=== Begin Enclosure ===
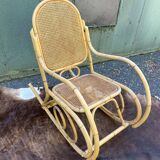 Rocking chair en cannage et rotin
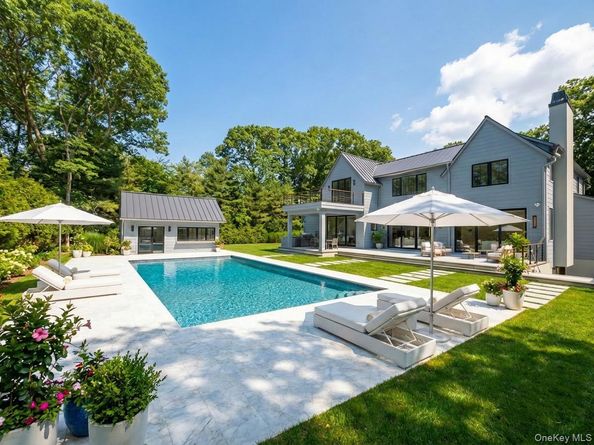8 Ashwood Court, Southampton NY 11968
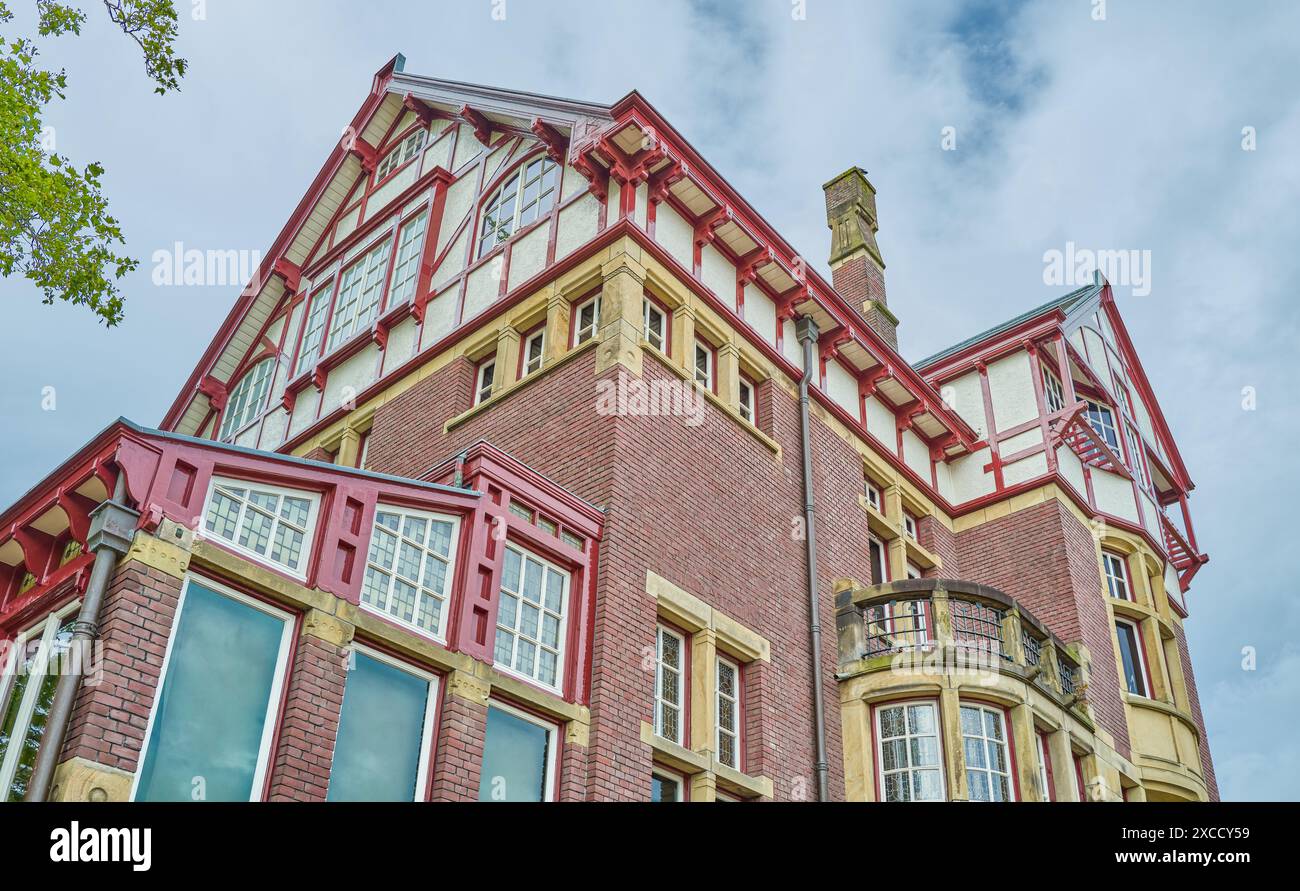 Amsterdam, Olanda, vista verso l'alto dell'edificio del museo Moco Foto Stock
=== End Enclosure ===
**WHAT IS REQUIRED:**
Omitting all pictures, set the listing down exactly.

**EXERCISE ANSWER:**
 Rocking chair en cannage et rotin
8 Ashwood Court, Southampton NY 11968
 Amsterdam, Olanda, vista verso l'alto dell'edificio del museo Moco Foto Stock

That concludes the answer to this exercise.